*Activity*.
From the first line to the last, return the data exactly, with no pictures.

======== Raw data

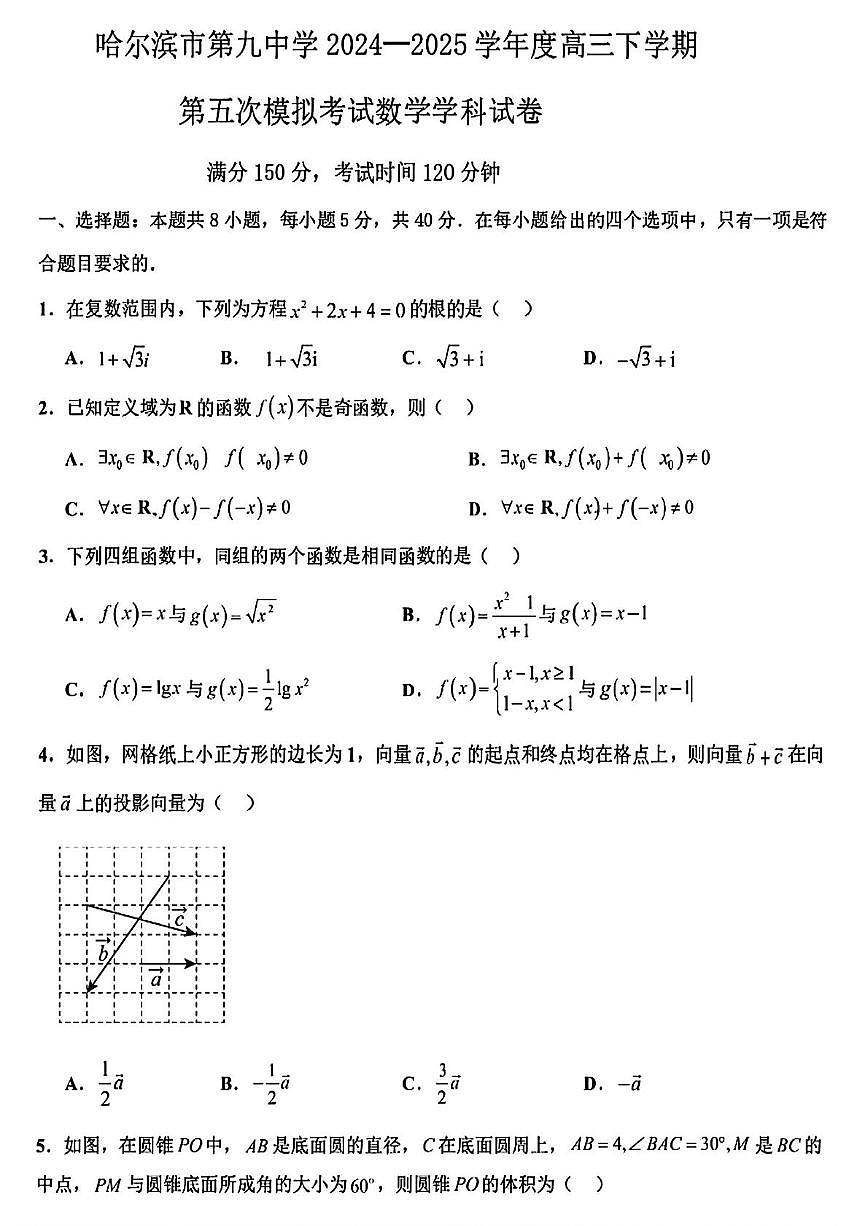 黑龙江省哈尔滨市第九中学2024-2025学年高三下学期第五次模拟考试数学试卷（高考模拟）第1页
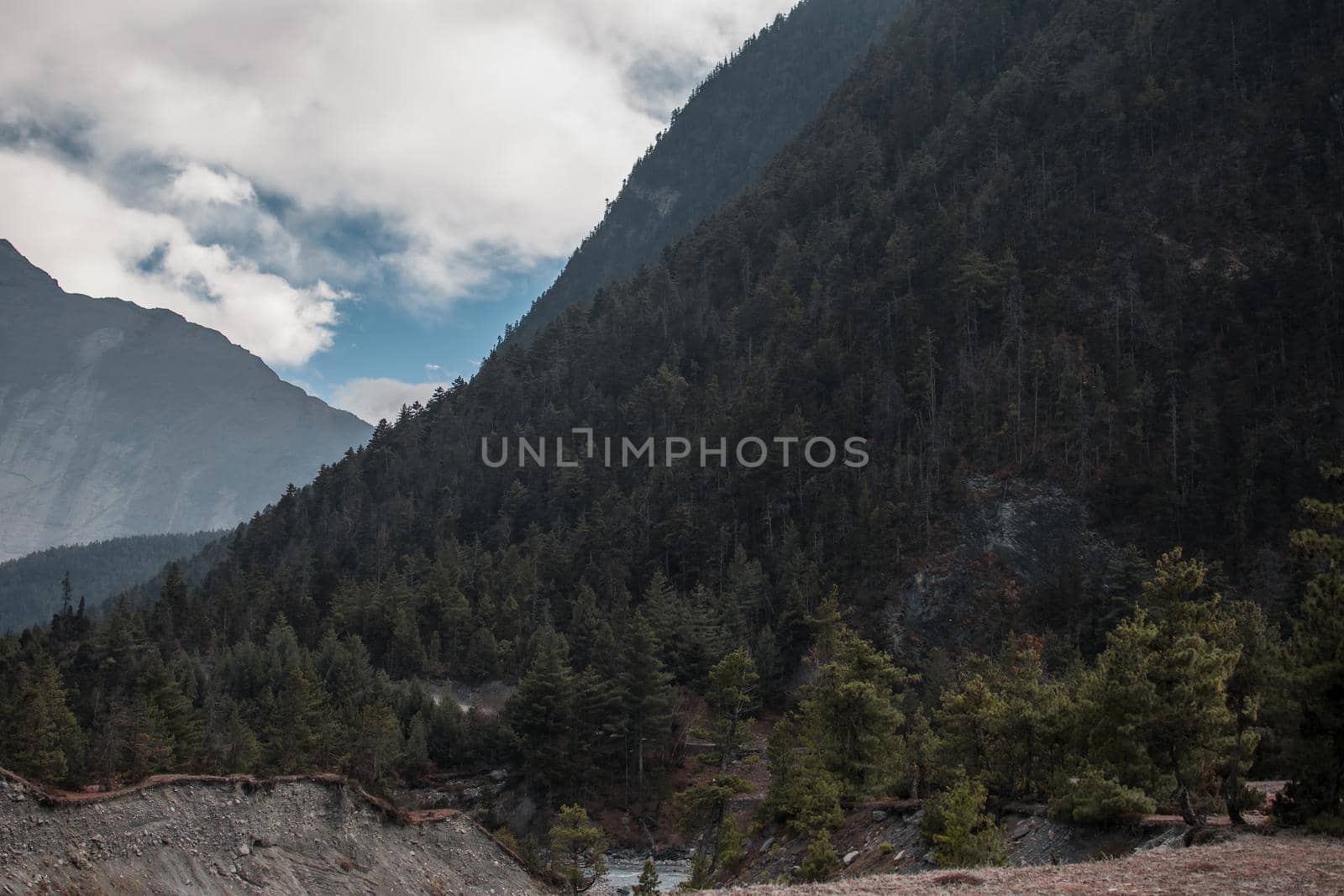 Mountain by Pisang, trekking Annapurna circuit, Himalaya, Nepal, Asia
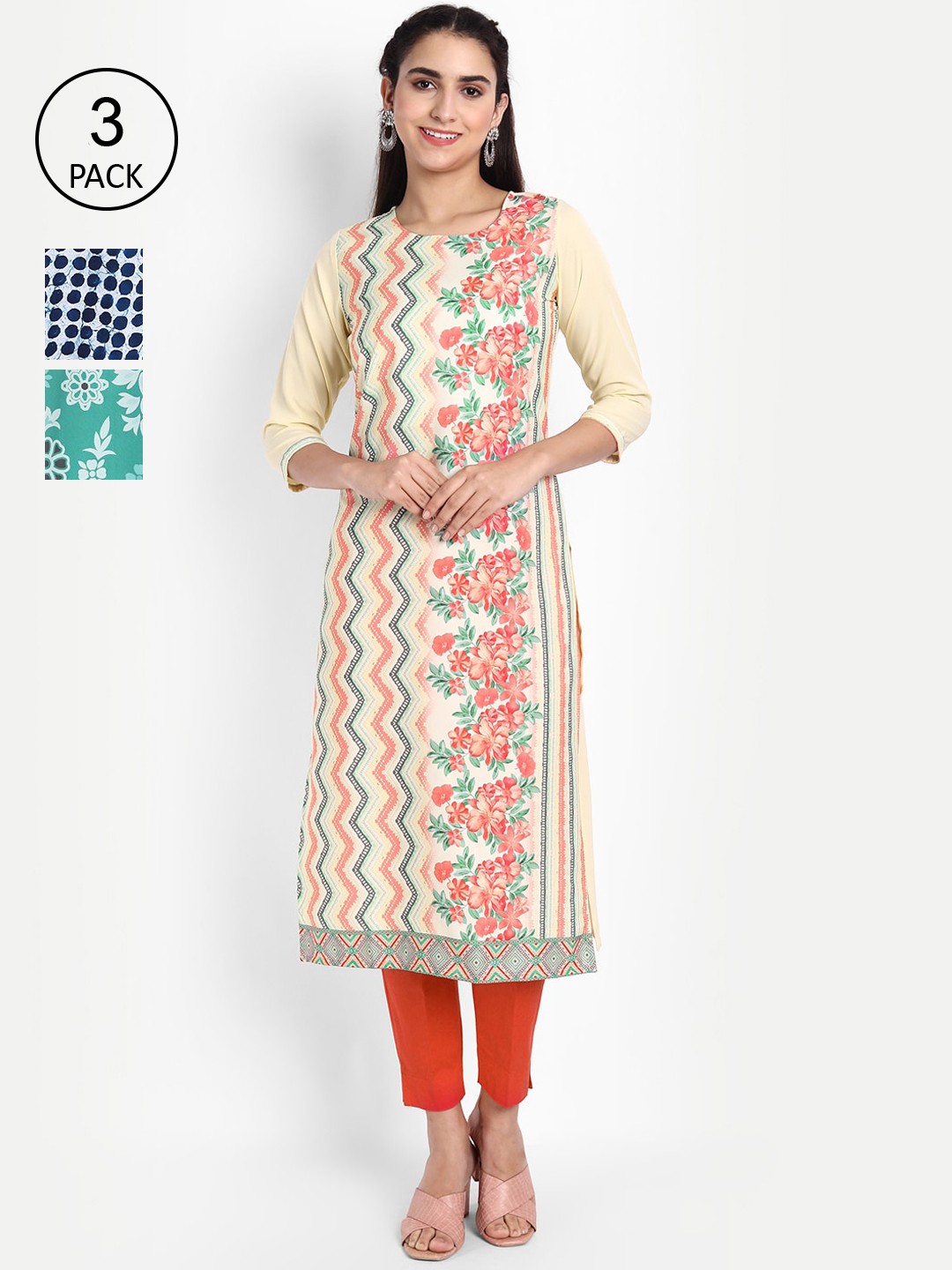 

Ethnic basket Women Pack of 3 Ethnic Motifs Printed Crepe Kurta, Yellow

================

*Answer for the task*.
 黑龙江省哈尔滨市第九中学2024-2025学年高三下学期第五次模拟考试数学试卷（高考模拟）第1页
 Mountain by Pisang, trekking Annapurna circuit, Himalaya, Nepal, Asia

Ethnic basket Women Pack of 3 Ethnic Motifs Printed Crepe Kurta, Yellow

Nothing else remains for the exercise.